Yesterday was the final meeting of my Micro-Memoir class for this spring session.
It’ll come back around later summer, but my goodness how I love teaching this class.
See, when students start out in Memoir, they are ever so guarded. I’ve noted this across years and years of teaching Memoir, both spoken and written. But within a couple weeks, as they share and hear each other’s stories… well, basically they all fall in love with each other.
They learn to see each other with empathy and grace.

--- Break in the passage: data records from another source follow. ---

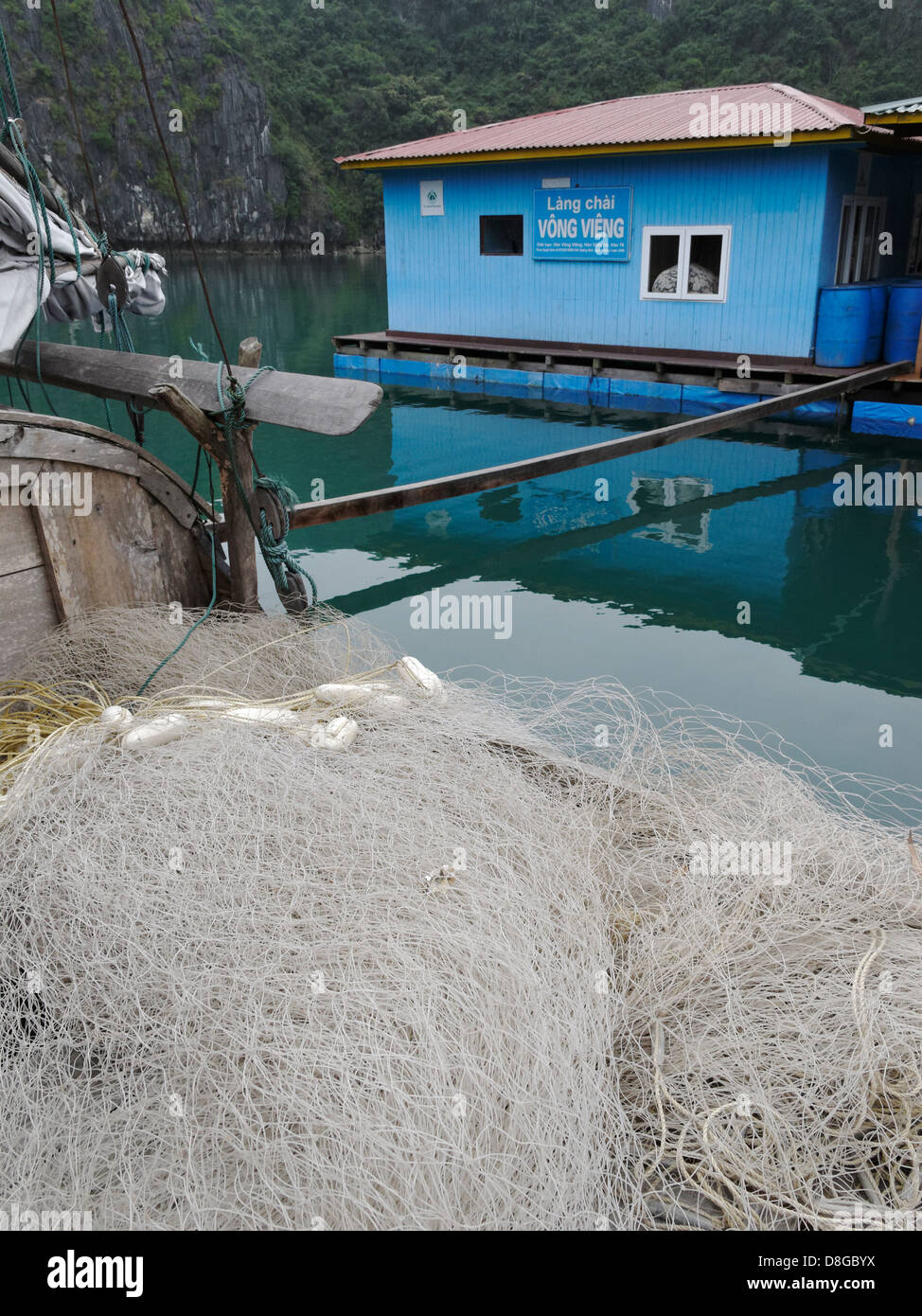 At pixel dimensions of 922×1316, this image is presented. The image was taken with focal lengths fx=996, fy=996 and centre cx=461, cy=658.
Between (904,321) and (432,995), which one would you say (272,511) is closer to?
(432,995)

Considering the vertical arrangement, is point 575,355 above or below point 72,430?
below

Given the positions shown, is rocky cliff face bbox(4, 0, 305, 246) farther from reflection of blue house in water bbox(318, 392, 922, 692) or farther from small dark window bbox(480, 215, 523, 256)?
reflection of blue house in water bbox(318, 392, 922, 692)

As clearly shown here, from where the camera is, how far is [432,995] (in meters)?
2.50

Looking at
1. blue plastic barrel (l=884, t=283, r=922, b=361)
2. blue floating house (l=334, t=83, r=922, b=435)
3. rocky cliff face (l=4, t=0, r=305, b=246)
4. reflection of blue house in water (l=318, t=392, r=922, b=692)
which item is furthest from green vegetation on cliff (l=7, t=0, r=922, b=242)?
reflection of blue house in water (l=318, t=392, r=922, b=692)

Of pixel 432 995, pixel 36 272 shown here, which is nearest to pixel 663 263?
pixel 36 272

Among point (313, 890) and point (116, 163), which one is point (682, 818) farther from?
point (116, 163)

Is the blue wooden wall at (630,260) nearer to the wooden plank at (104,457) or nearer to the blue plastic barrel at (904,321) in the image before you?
the blue plastic barrel at (904,321)

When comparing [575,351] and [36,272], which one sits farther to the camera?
[575,351]

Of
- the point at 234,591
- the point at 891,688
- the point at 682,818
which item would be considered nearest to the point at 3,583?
the point at 234,591

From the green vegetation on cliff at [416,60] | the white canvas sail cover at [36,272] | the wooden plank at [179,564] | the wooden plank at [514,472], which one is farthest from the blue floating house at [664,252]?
the green vegetation on cliff at [416,60]

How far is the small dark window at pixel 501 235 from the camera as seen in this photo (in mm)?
16766

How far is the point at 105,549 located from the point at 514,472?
147 inches

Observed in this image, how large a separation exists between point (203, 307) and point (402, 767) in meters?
27.7

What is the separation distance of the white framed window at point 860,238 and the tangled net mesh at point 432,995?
1265 centimetres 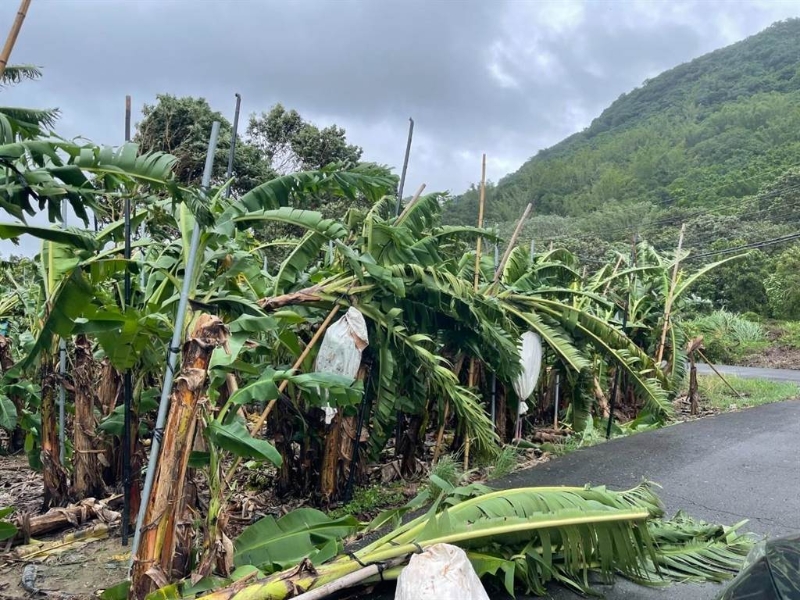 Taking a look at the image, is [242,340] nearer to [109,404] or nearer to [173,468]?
[173,468]

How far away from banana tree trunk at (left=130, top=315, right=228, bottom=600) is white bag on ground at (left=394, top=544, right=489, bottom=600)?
1.41 meters

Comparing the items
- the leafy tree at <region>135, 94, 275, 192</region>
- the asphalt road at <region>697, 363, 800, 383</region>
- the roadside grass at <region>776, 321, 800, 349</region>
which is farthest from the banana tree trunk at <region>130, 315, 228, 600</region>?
the roadside grass at <region>776, 321, 800, 349</region>

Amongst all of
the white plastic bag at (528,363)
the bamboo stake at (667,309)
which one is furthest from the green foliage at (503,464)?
the bamboo stake at (667,309)

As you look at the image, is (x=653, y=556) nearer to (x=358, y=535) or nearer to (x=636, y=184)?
(x=358, y=535)

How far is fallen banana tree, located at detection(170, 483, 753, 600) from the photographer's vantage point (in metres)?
3.23

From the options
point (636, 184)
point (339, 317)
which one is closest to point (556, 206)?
point (636, 184)

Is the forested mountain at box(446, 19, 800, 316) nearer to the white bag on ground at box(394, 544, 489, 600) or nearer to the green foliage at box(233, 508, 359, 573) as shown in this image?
the green foliage at box(233, 508, 359, 573)

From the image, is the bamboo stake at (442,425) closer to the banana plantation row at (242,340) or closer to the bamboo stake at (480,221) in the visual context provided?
the banana plantation row at (242,340)

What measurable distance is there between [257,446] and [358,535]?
5.18ft

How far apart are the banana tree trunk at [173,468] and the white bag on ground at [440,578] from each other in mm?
1406

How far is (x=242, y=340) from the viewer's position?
12.7ft

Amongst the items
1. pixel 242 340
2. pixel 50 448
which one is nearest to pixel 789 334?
pixel 242 340

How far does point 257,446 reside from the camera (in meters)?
3.41

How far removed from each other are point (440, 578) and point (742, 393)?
12.2m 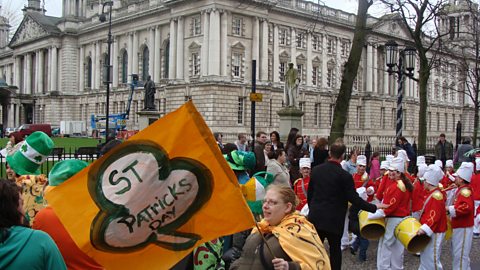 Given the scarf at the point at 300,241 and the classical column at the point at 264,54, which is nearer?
the scarf at the point at 300,241

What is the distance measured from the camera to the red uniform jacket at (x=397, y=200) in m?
7.55

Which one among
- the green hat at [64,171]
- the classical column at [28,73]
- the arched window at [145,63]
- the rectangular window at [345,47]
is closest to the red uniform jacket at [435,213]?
the green hat at [64,171]

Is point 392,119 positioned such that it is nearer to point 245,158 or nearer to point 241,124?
point 241,124

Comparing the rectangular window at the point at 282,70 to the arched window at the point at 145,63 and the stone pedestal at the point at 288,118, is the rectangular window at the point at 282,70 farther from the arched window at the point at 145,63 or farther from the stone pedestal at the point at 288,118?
the stone pedestal at the point at 288,118

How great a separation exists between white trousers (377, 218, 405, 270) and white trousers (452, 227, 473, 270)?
81 centimetres

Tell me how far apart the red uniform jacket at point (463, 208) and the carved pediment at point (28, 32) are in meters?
72.0

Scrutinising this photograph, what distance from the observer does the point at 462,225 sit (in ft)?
25.3

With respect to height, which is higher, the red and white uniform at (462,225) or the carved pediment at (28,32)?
the carved pediment at (28,32)

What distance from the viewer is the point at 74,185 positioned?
3.52m

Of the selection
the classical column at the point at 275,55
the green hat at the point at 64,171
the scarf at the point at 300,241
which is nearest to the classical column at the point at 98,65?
the classical column at the point at 275,55

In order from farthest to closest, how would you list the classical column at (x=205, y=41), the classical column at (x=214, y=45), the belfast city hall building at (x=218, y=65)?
the belfast city hall building at (x=218, y=65) < the classical column at (x=205, y=41) < the classical column at (x=214, y=45)

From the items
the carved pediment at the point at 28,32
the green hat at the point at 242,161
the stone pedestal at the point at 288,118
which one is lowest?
the green hat at the point at 242,161

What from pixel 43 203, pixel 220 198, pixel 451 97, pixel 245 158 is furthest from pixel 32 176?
pixel 451 97

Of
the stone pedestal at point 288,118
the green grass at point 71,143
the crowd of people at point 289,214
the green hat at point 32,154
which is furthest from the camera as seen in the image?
the green grass at point 71,143
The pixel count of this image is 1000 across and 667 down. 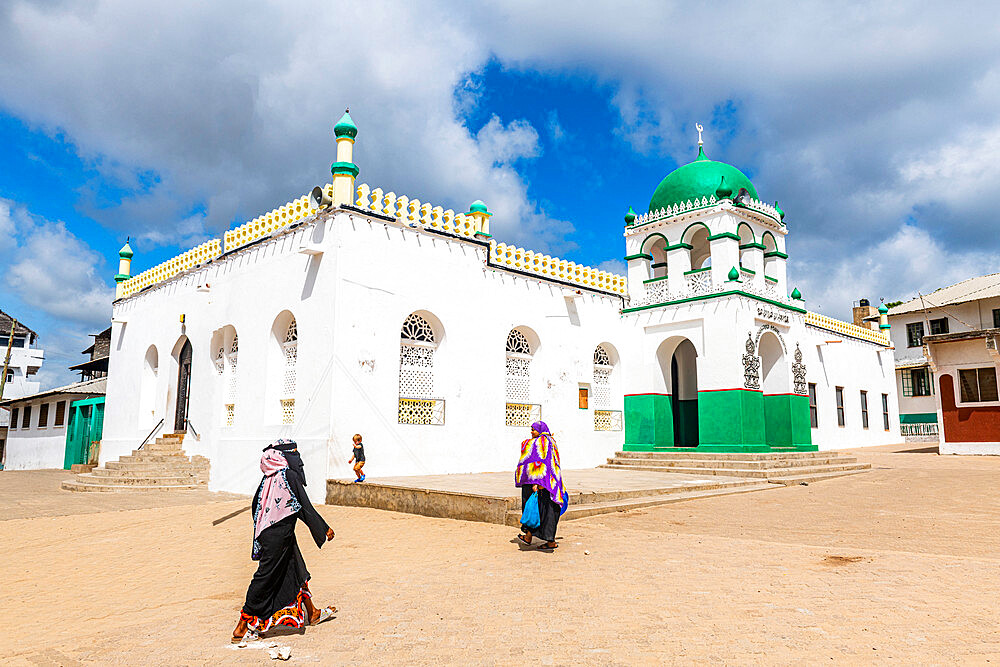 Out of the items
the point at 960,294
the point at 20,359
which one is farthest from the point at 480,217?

They discover their specific, discrete, individual experiences and feelings are, in fact, universal, precisely because they are specific, discrete, and individual.
They make friends.
They experience the spirit of vulnerability walking among the rows and chairs, laying comforting, healing hands on their shoulders.
Without fail, by the end of the class, they start joking with me about how being in Memoir class is often better than therapy, and that I deserve a big ol’ pay raise. I never disagree. 🙂
Each week, I give a prompt for them to write about for the following week. Last week, the prompt was “Lost and Found.” A time in your life you were lost—literally and physically, or emotionally, or metaphorically, whatever—and you found your way back.
And the stories that came out yesterday… well my goodness. A couple were on the lighter side, like coming out of a Sheryl Crow concert at midnight in San Fransisco and realizing you had no idea where you’d parked your car.
But most were harder than that. Several women revealed they were widows. Told the story of losing their husband, and what it took to come back. Another told about losing her daughter, age 38, and how there’s no coming back from, only moving on with.
Another told of becoming the caregiver for the final seven months of her ailing mother’s life. At one point in her story, as she is learning to give pain medication, this student’s cousin gives her a piece of advice: “When giving medication, just stay ahead of the pain.”
Stay ahead of the pain.
It struck me that when it comes to literal pain of this kind, that is sage and kind advice.
But when it comes to emotional or spiritual or mental pain… we are perhaps far too adept at staying ahead of the pain (our favorite medication for doing so is distraction, whatever its form).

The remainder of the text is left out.